Kok-Chor Tan believes Rawls is selling out in making these concessions. His key argument is significant. He rejects the idea that liberals should tolerate non-liberal understandings of distributive justice, as toleration is only a value inasmuch as it serves the cause of autonomy. Given that autonomy is undermined by social or economic inequality, liberals should therefore opt not for tolerance but for egalitarian redistribution:
For the comprehensive liberal, on the other hand, the toleration principle is derived from the more fundamental liberal commitment to individual autonomy, and inasmuch as autonomy is a posteriori underminable by social or economic inequalities, he or she will insist on some principle of distributive justice, disagreements over the content of this notwithstanding.
That might seem drily academic, but it is significant in a number of ways. First, it helps to explain why liberals are so committed to the principle of equality. If you believe that the highest good is autonomy, then it will seem unjust if some people have more resources (money, power, status) to exercise autonomy than others. So you might well then be committed to "distributive justice" (taking resources from some people to give them to others).
But there is no stopping the logic of this principle. Consider what it leads to when it comes to foreign aid. Rawls believes that wealthier nations have a humanitarian duty to use some of their resources to assist poorer nations. Kok-Chor Tan is strongly opposed to this view. He believes that the resources of wealthier nations belong to the poorer nations as a matter of justice and therefore as a right:
it makes an immense difference whether wealth redistribution between countries is conceived as a matter of humanity or justice...treating duties between countries as a matter of justice...reminds us that the crucial issue is ultimately that of rightful ownership rather than that of humanitarian contribution.
He quotes another liberal (Barry) to underline this point:
...if some share of resources is justly owed to a country, then it is (even before it has been actually transferred) as much that country's as it is now normally thought that what a country normally produces belongs to that country.
Kok-Chor Tan is serious about this. He argues that even though this is a liberal principle, the non-liberal countries are likely to accept it, as most of them are non-Western nations who would benefit materially:
Accordingly, because non-liberal societies tend to be in reality the less well-off societies compared to liberal ones, they stand to gain from an egalitarian global theory and therefore...will readily endorse this ideal.
And the Western nations? Kok-Chor Tan believes that they will have the intellectual compensation of seeing their beloved liberal ideology put in place globally. Liberal states, he writes,
are to accept global institutional arrangements that will call on them to transfer resources, which they have taken for granted as rightfully theirs, to less endowed countries.
...liberal states sacrifice some of their GNP, but get a global system of rights consistent with their moral philosophy.
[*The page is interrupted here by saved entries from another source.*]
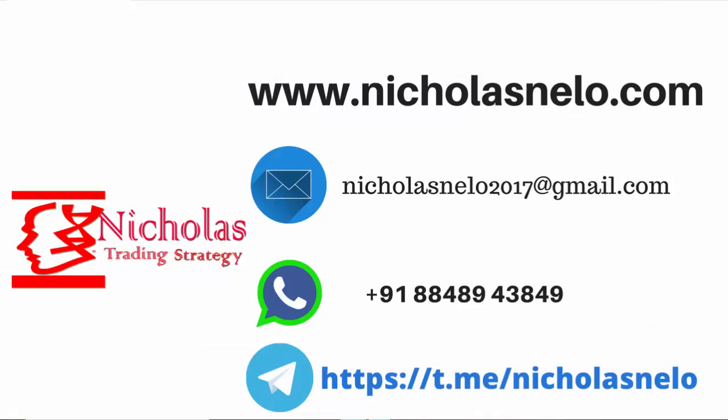Hope you like this video. If you have any doubt, do send a mail to nicholasnelo2017@gmail.com. Also visit my website nicholasnelo.com. If you have any doubts you can WhatsApp me anytime. My WhatsApp number is +91 88489 43849. And if you wish to join my Telegram channel, just search Nicholas Nelo on your Telegram. Thank you for watching. I will be back with another trading strategy video. Till then, have a nice day. Bye bye.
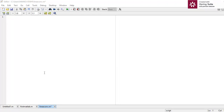Hello everyone. In this video I'm going to discuss linear convolution using MATLAB software. There are two ways to get the output of linear convolution in MATLAB: the first is using a standard function, and the second is using the formula according to the convolution law.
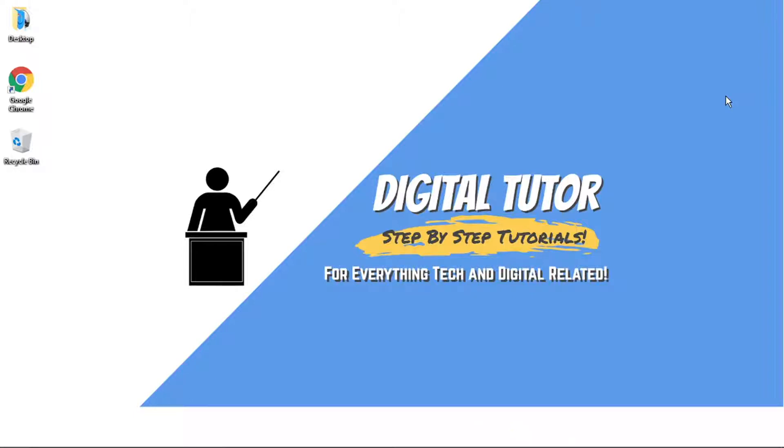Hi guys, what's going on? It's the Digital Tutor here with another step-by-step tutorial. In today's video, I'm just going to show you how to stream Amazon Prime Video on Discord.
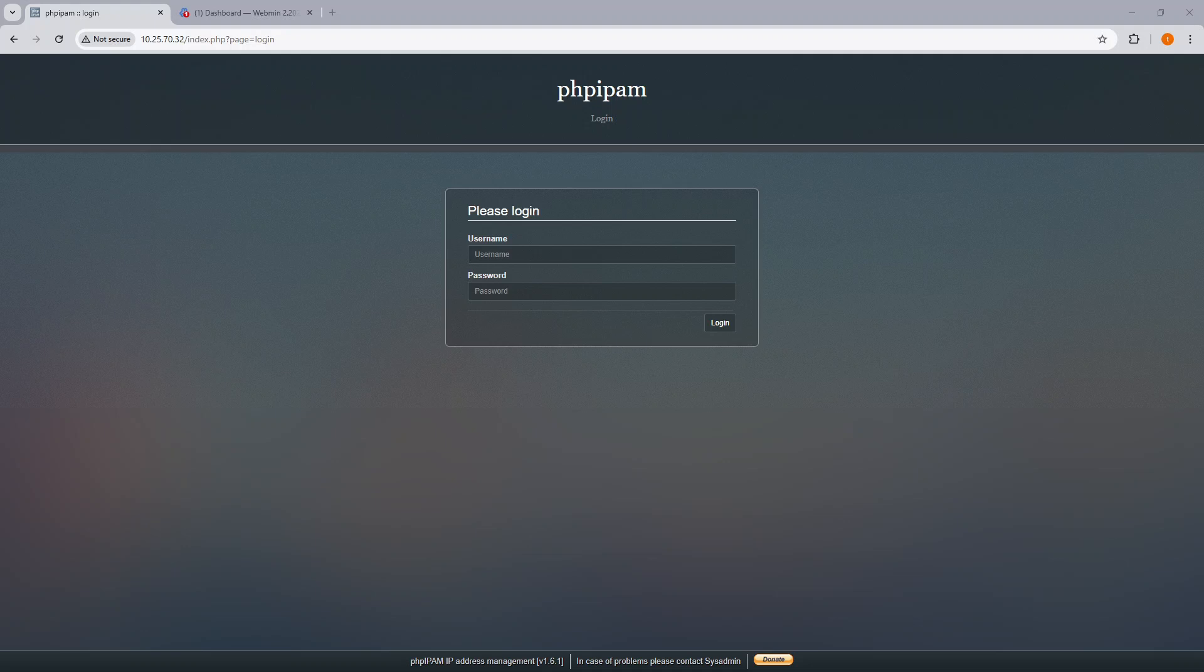Today I am going to be covering how to upgrade from PHP IPAM 1.6 to version 1.73, which is the most current as of the production of this video.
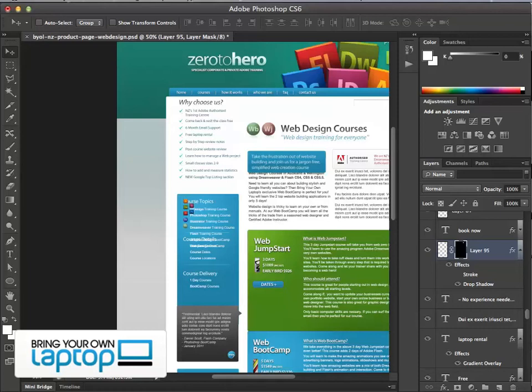Hi everyone, my name is Daniel Walter Scott. I'm an Adobe Certified Instructor with Bring Your Own Laptop. Today we're going to be talking about some power tips for super users — to do with Photoshop layers.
These proposals would have a particularly deep effect on Australia. One of the specific suggestions made by the comprehensive liberals is this:
Pogge, for instance, proposes a global resources tax (GRT) that will tax better endowed countries for extracting natural resources in their own countries.
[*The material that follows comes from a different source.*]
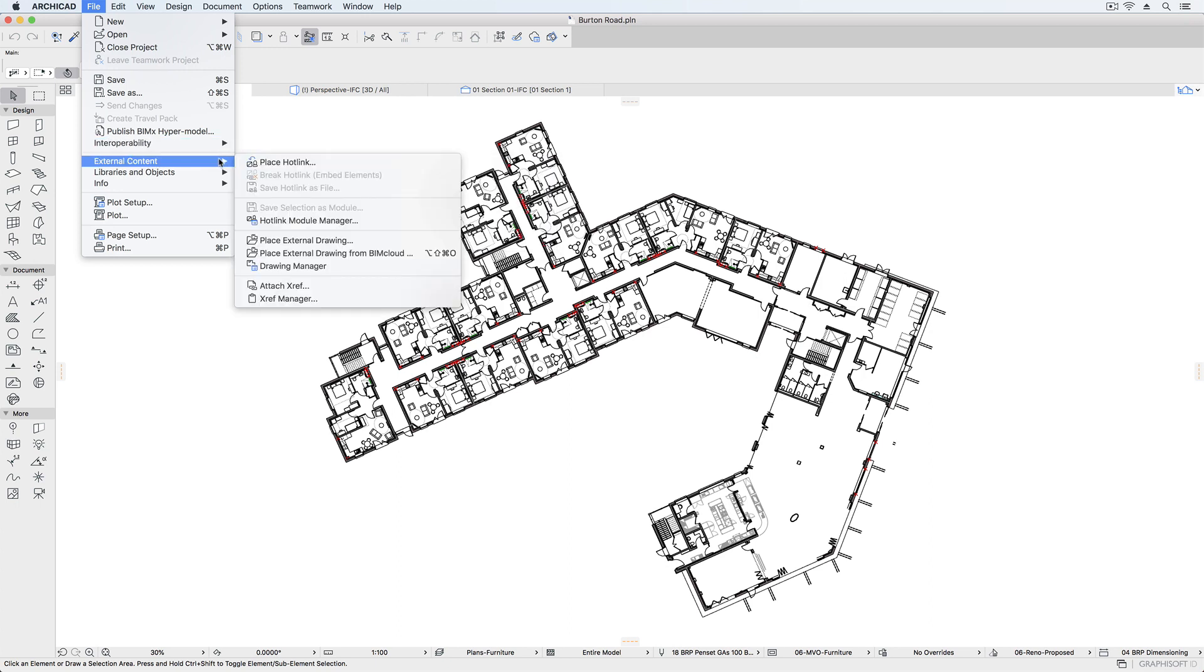It's recommended to reference IFC files into ARCHICAD and not to permanently merge the geometry, attributes and data. Hotlinking allows this. You then keep their data separate while maintaining a connection in a way that's easy to update if the other party's model changes later on.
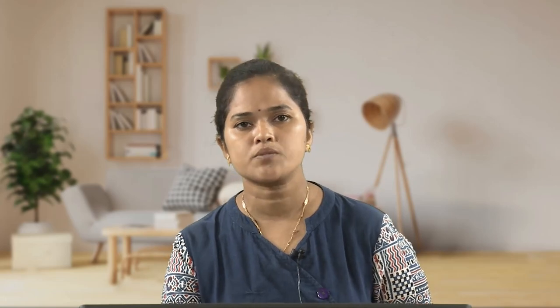The exception is that individuals may also be guided by rationality to fulfill group interest if the number of individuals in the group is quite small, or there is a kind of coercion, a force, monitoring system, or some special device to guide individuals. Alternatively, some system which motivates and provides incentives to individuals to act for fulfilling the group interest could work. Only then can rationality meant for individual interest also be applicable in achieving group interest.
Another idea is that there should be "technology transfers": that technology produced in one country belongs by right to a less well-endowed country.
All of this goes to show that there is always a more radical liberalism. There will always be those who want to implement the theory more consistently.
It's not difficult to see how Kok-Chor Tan's own version of liberalism could be trumped. If the moral course of action really is to level social and economic conditions between individuals, so that no-one is privileged in their autonomy; and if this means that the resources of one individual belong by right to someone less well-endowed; then why bother at all with property rights?
Why should the guy up the road end up with more money because his dad worked hard and left him and his family a big inheritance? Under Kok-Chor Tan's approach, part of that inheritance belongs by right to me as a matter of justice. I have a claim to it, even though neither I nor anyone in my family did anything to produce that wealth.
I would much rather live in a society with a degree of inequality, but in which people were able to set about producing wealth for themselves, their own families and their own communities, rather than one which insisted on redistribution as a right.
It's true that absolute poverty in some countries is a serious issue to be tackled, and one which unduly diminishes the quality of life for those experiencing it, but that needs to be addressed by carefully targeting aid (so as not to make things worse) rather than handing resources over as a right to be used for whatever purposes, useful or not, the rulers of that society have for it.